[ INSIDE HAWAII INC. ]
JAMM AQUINO / JAQUINO@STARBULLETIN.COM
Les Murashige, above, started in the business right out of high school, cleaning planes for Hawaiian Air. Now he's the new chief operating officer of Island Air, which uses small aircraft to serve West Maui, Lanai and Molokai.
Creating a positive experience for air travelers
Question: When did you start in the industry?
Answer: Right out of high school.
When I was going to college, I worked part time for Hawaiian Airlines, cleaning planes and the luas. In fact, I was the best lua dumper around.
Later I moved home to Kauai and managed cargo for Mid-Pacific Airlines.
After Mid-Pacific shut down, I became assistant station manager on Kauai in 1984 for Aloha, and was with Aloha through October 2003. I worked as a consultant until Island Air was sold.
Q: What will happen when Mesa Air Group starts interisland service, joining Island Air, Hawaiian and Aloha?
A: As far as Mesa is concerned, I don't know what their total plan is. As far as we're concerned, we don't view any of the jet services as a per-se competitor. We have a code-share agreement with Aloha and Hawaiian.
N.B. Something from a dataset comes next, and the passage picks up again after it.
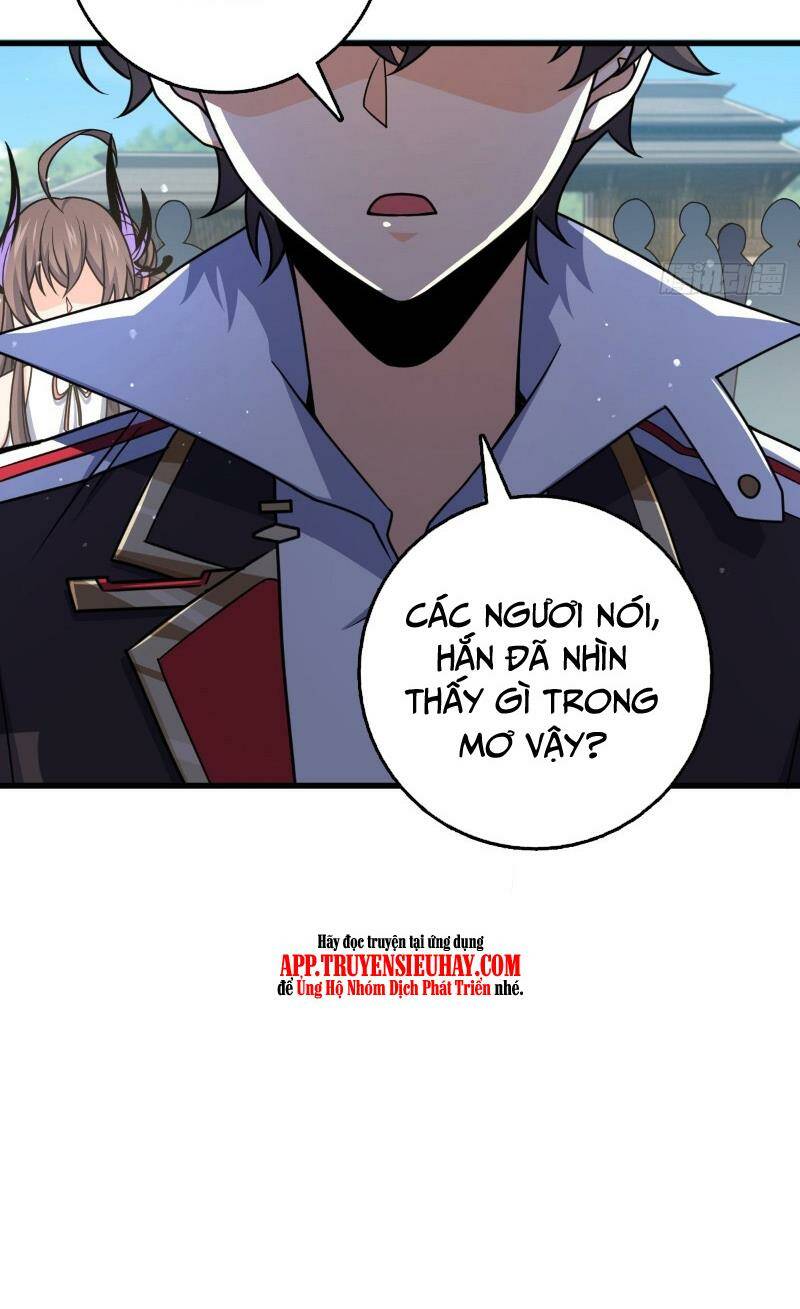 Đại Vương Tha Mạng Chapter 824 - Trang 2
Q: Are you seeking a code share with Mesa?
A: Yes, though I haven't contacted them.
Q: Why do you say the other airlines are not "per se" competitors?
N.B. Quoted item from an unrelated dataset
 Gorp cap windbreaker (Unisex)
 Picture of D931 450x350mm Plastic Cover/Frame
A: We service a market where the demand is appropriate for our smaller craft. The demand for the markets where we go through is not as great: West Maui, Lanai, Molokai.
Obviously, there is a concern when any new service comes into the islands. But our market that we service is suitable for our type of aircraft -- a 37-seater which is appropriate for the demand. It's not that we're not concerned, but I think with Aloha and Hawaiian we look forward to working with Mesa.
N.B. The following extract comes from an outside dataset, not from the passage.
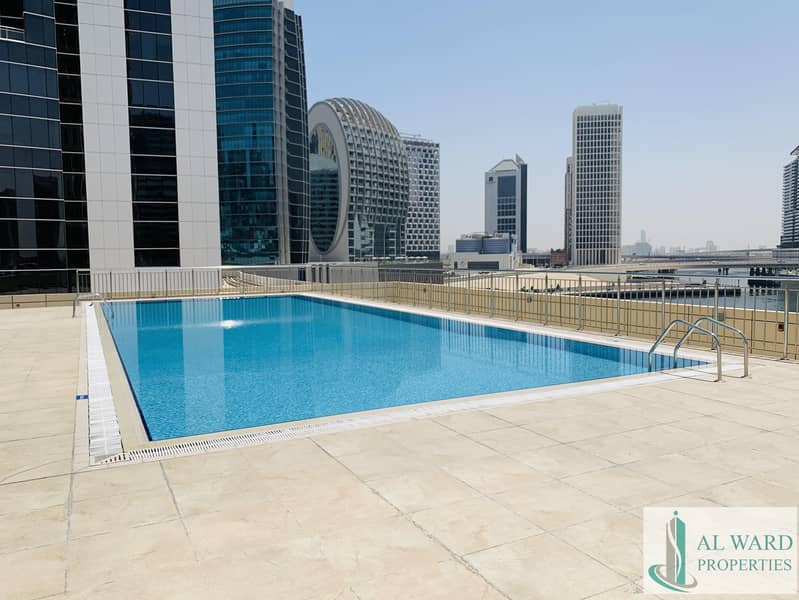 3 Luxury 2bed Unit + Study with Stunning Views |2 Month Free I No commission |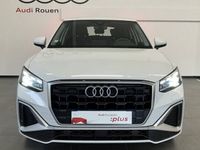 occasion Audi Q2 35 TFSI 150 S tronic 7 Advanced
Our position has never been ... to compete with the jet service. We have no intent of doing that. We're just staying in our little niche market that we have and function that way.
Q: How has business been since splitting off?
A: We've been very fortunate. We have experienced growth, not without growing pains, but we've been fortunate. We've been profitable. And we hope to continue this way.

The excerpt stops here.